15.000 personnes, aurovilliens, ashramites et visiteurs venus nombreux aussi bien d’Europe, des Amériques et d’Asie, étaient silencieusement réunis autour de ce feu de sanctification, pour montrer au monde que cette ville a tenu bon comme modèle d’une autre façon de vivre et d’être sur cette terre meurtrie par les humains eux-mêmes, dans leurs inconsciences de se comporter avec elle.
Pour couronner le tout, Narendra Modi, le Premier Ministre de l’Inde, était venu saluer les efforts de Aurovilliens.
Lorsque la Voix de La Mère s’éleva à l’aube de la cérémonie, un grand frisson parcourut l’assemblée. Cette voix qui semblait sortir de l’Urne, où se trouve la Charte d’Auroville, rappela son contenu. « La terre a besoin d’un endroit où les hommes puissent vivre à l’abri de toutes les rivalités nationales, de toutes les conventions sociales, de toutes les moralités contradictoires et de toutes les religions antagonistes : un endroit où, libérés de tous les esclavages du passé, les êtres humains pourront se consacrer totalement à la découverte et à la mise en pratique de la Conscience Divine qui veut se manifester.

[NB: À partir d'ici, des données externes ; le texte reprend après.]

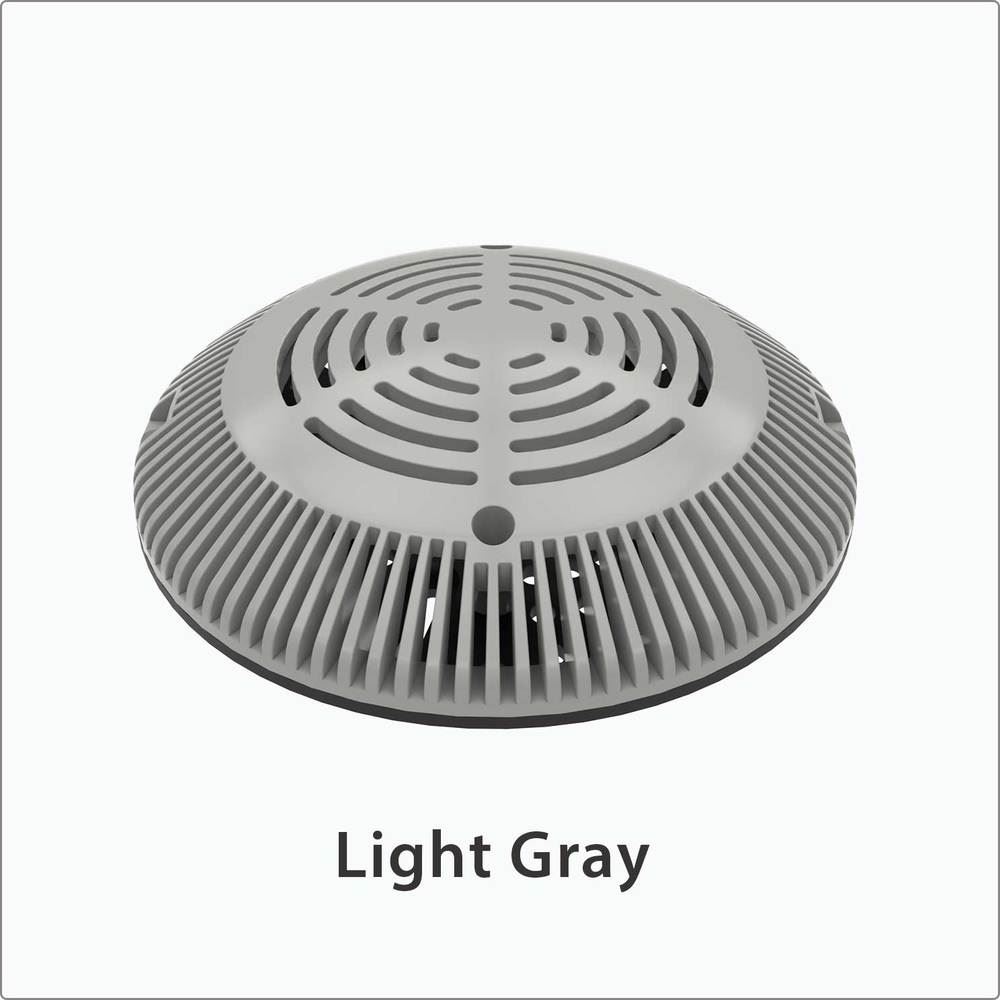 Color Match RETRO803 8in VGB Retrofit Universal Main Drain Cover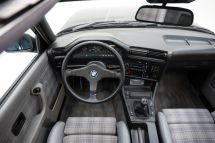 BMW  M3 Evolution 2 Nr. 212/500 '89 (1989)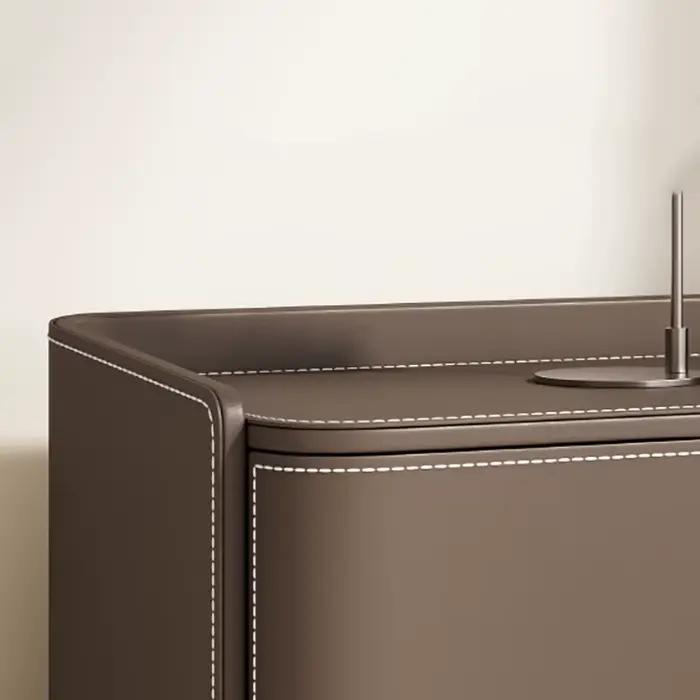 Table De chevet De luxe moderne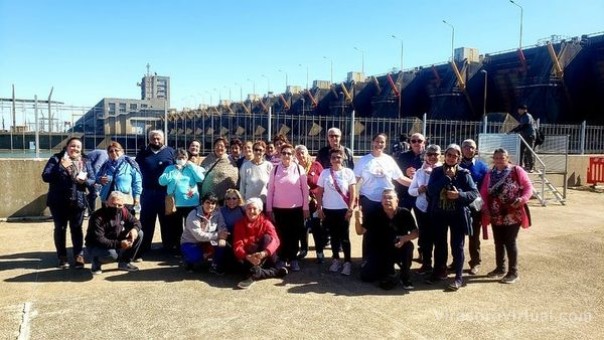Adultos mayores
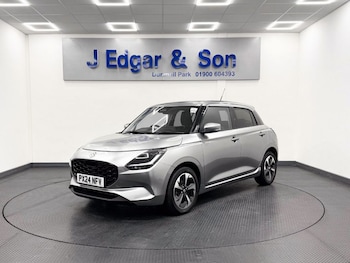 Used Suzuki Swift 2024 for sale - 77349912: Photo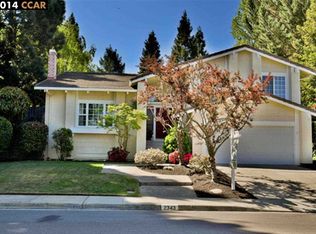 2343 Barbados Dr, San Ramon, CA 94582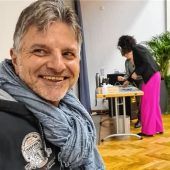 Von wegen Barrierefreiheit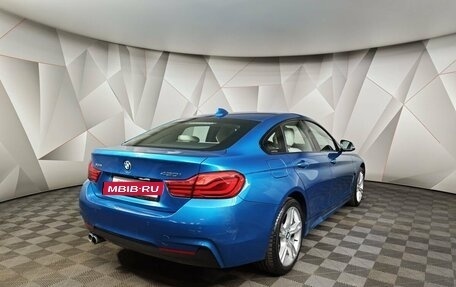 BMW 4 серия, 2018 год, 3 500 000 рублей, 2 фотография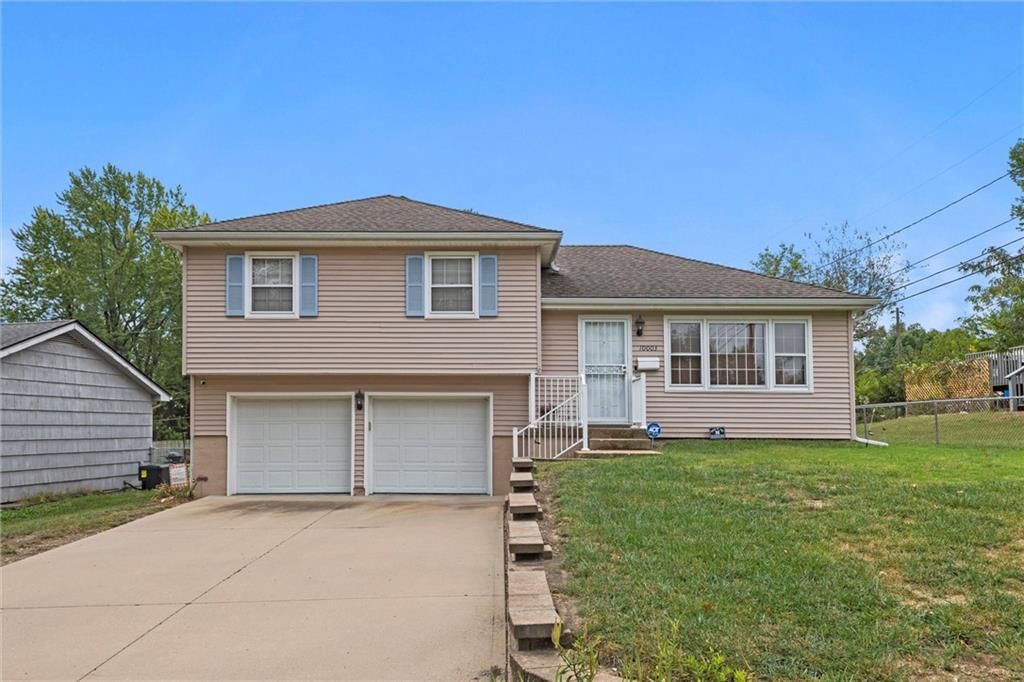 10003 E 78th Street, Raytown, MO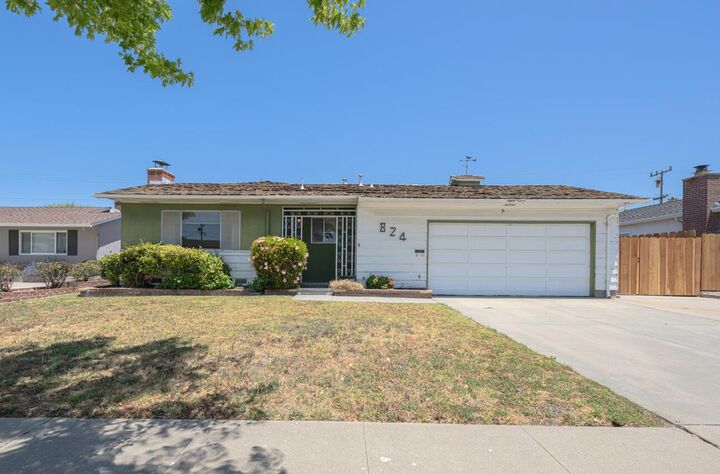 824 Fairfax Drive  Salinas CA 93901 photo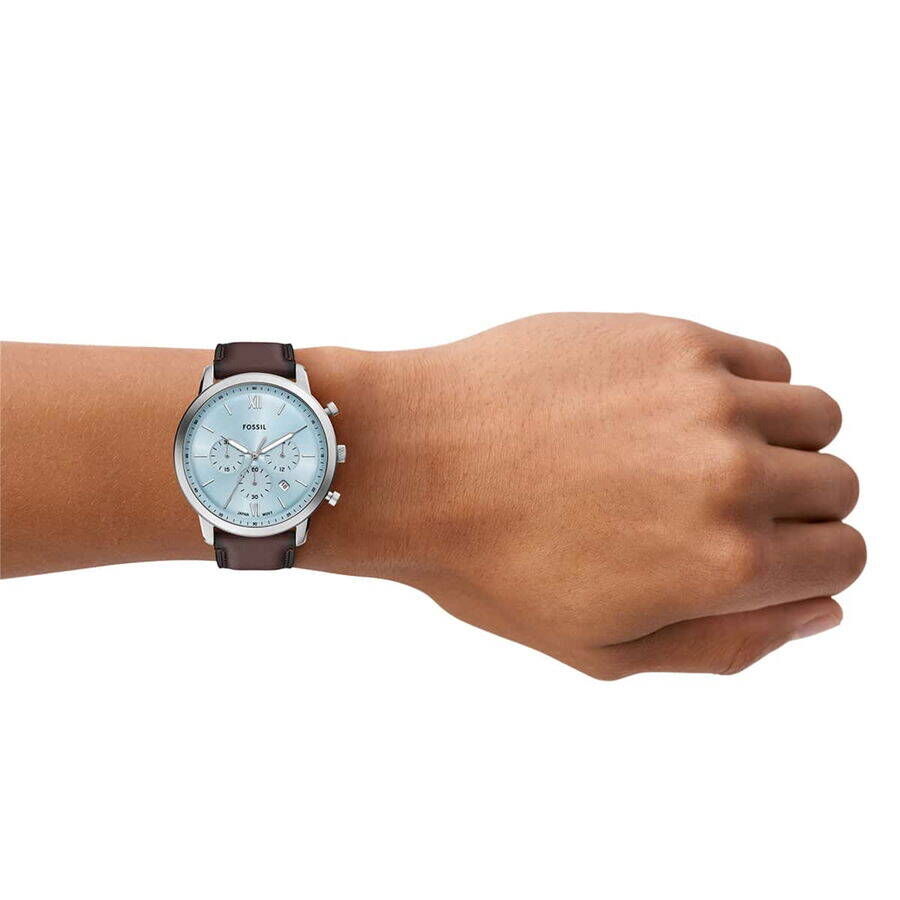 FOSSIL FFS6109 Quartz ERKEK KOL SAATİ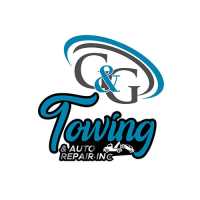 G&G Towing & Auto Repair inc Logo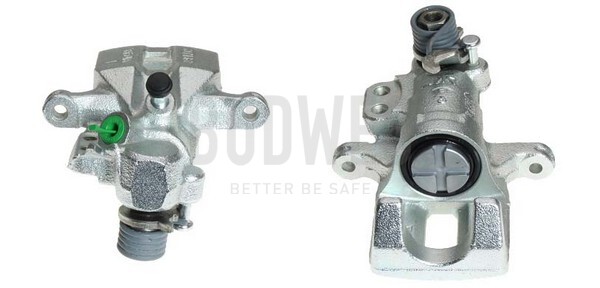 Brake Caliper - 394405 Axia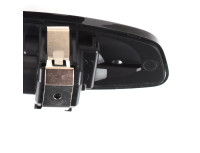 Peugeot 308 07-15 LED stranski smerniki DYNAMIC, 2-delni komplet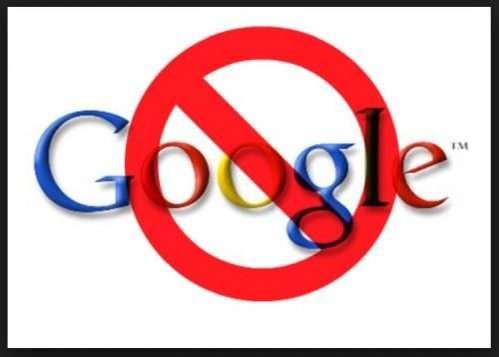 Генпрокуратура РФ вынесла предупреждение Google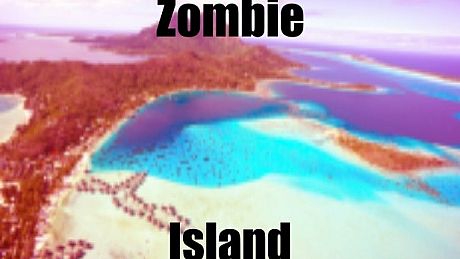 Zombie Island Game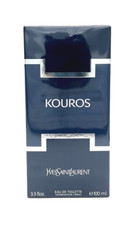 Kouros yves saint laurent - by,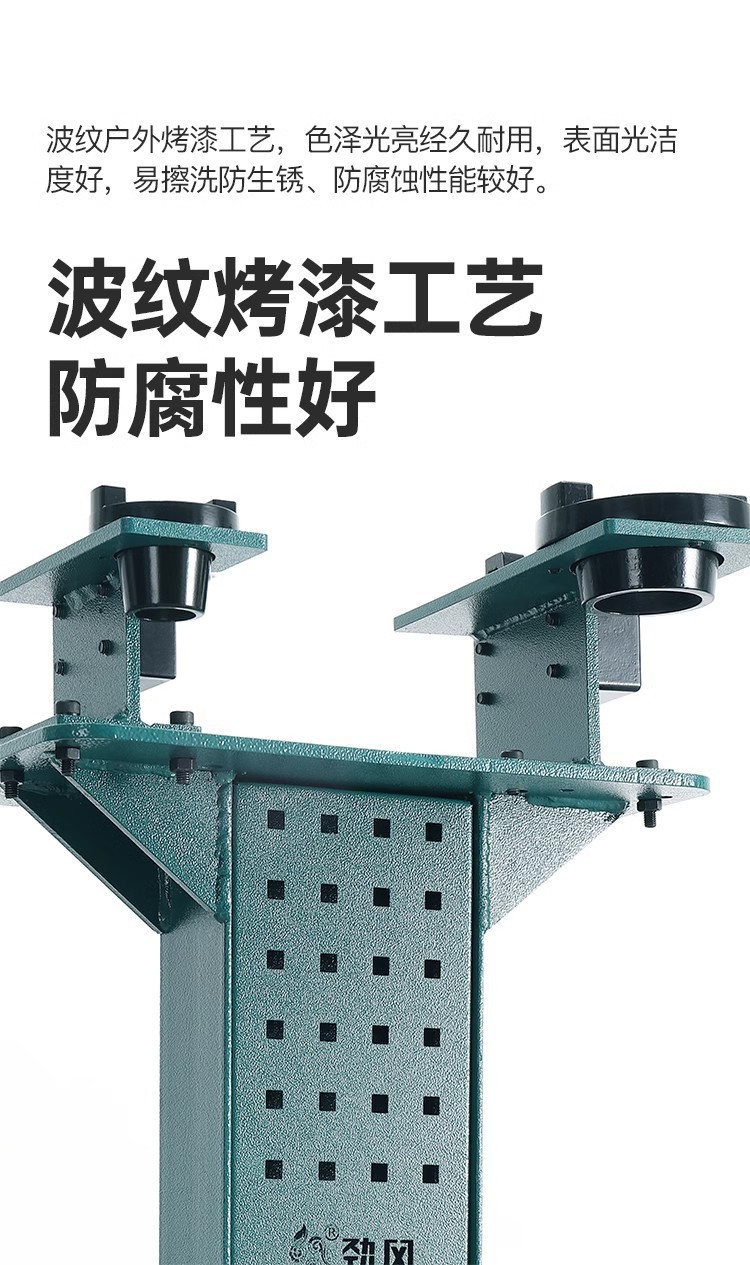 Cnc Machining Center Tool Holder Bt30 Dedicated Workbench Bt40 Tool Locking Table Tool Changing and Removal Bench Accessories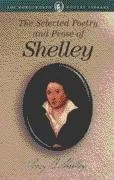 Pozostałe języki obce - Wordsworth Shelley Percy Bysshe The Selected Poetry and Prose Of Shelley - miniaturka - grafika 1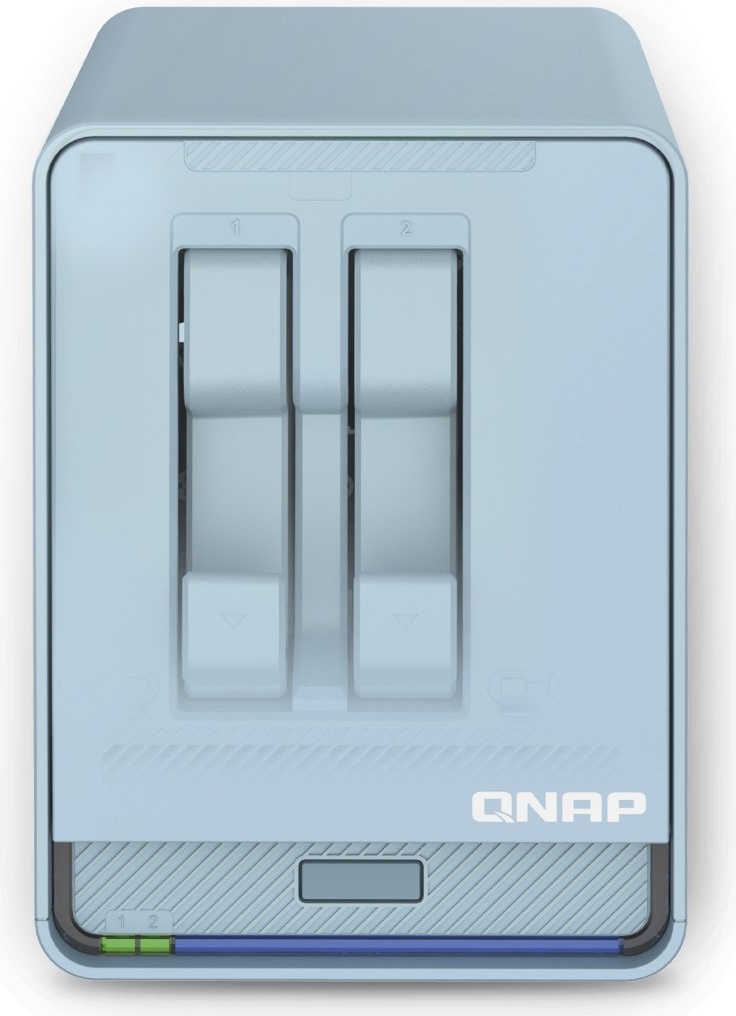 QNAP QMiroPlus-201W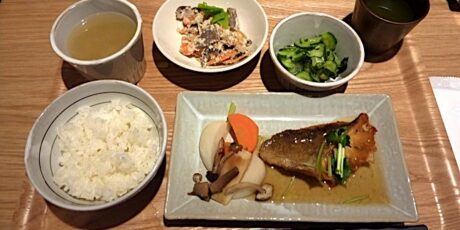 Übergewichtsdiskurs in Japan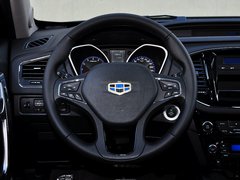 2014款 2.4L 自动 两驱豪华型 7座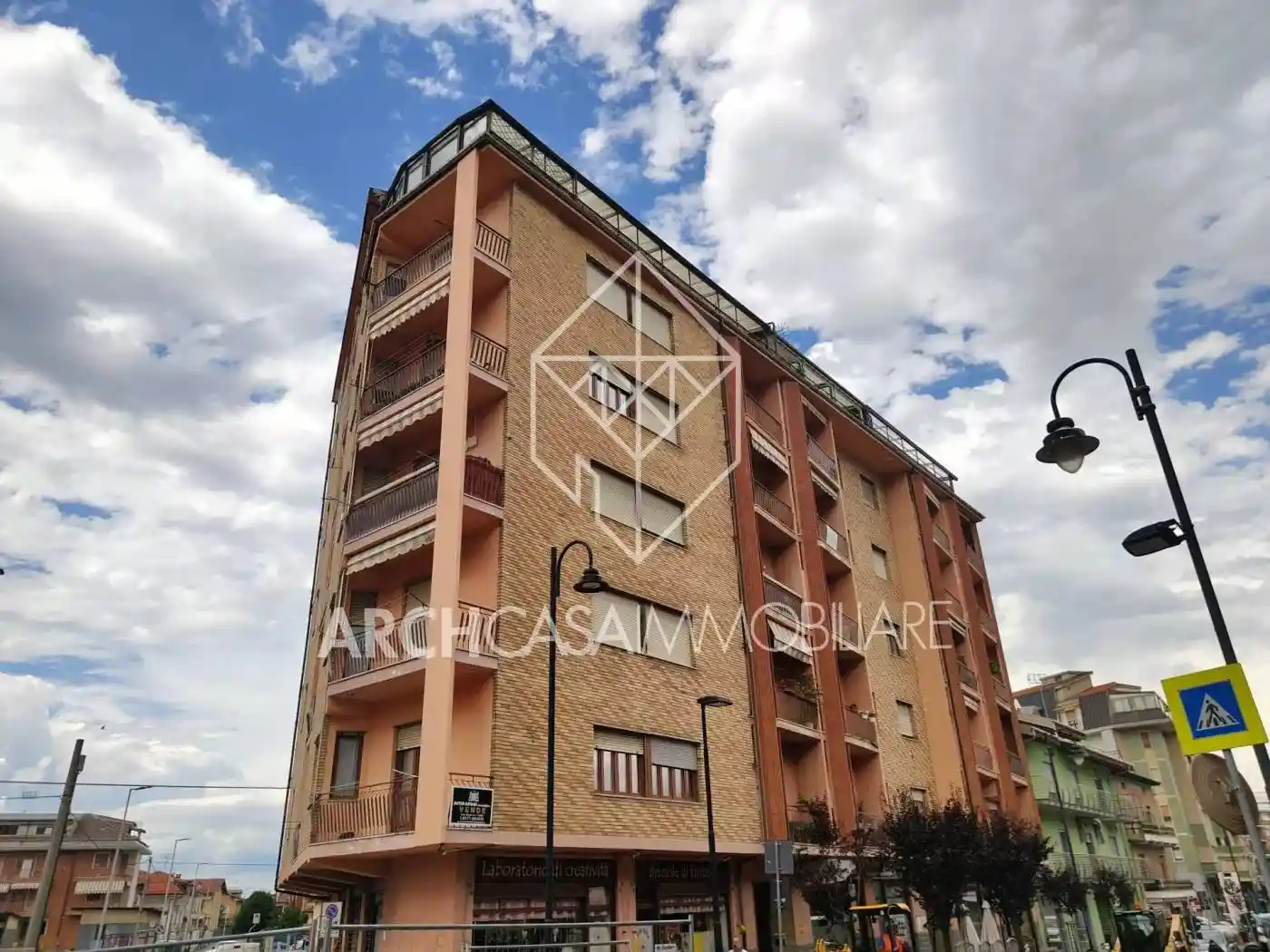 Appartamento in vendita a Borgo San Dalmazzo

Auroville veut être cet endroit et s’offre à tous ceux qui aspirent à vivre la vérité de demain. »
En 1965, alors que le projet de la Ville de l’Aurore commençait à prendre forme, la Mère délivra la pierre d’angle de l’édifice futur.
« Auroville veut être une cité universelle où hommes et femmes de tous pays puissent vivre en paix et en harmonie progressive au-dessus de toute croyance, de toute politique et de toute nationalité. Le but d’Auroville est de réaliser l’unité humaine. »
Pendant la cérémonie, les regards des êtres humains rassemblés-là étaient à la fois graves et recueillis. Le décor magique du lieu, alors que le jour se levait, donnait à cette célébration un ton de solennité quasi planétaire. Des jeunes garçons et filles, représentant les 124 nations du début défilèrent autour de l’urne puis vinrent déposer quelques gouttes d’eaux des différents pays qui apportèrent la terre de leur sol. Cette réunion hautement symbolique de la terre et l’eau consacrait l’alliance renforcée par celle de l’air et du feu. En effet derrière le dôme du Matrimandir le soleil jaillissait dans un ciel limpide.
Un autre jour commençait pour Auroville.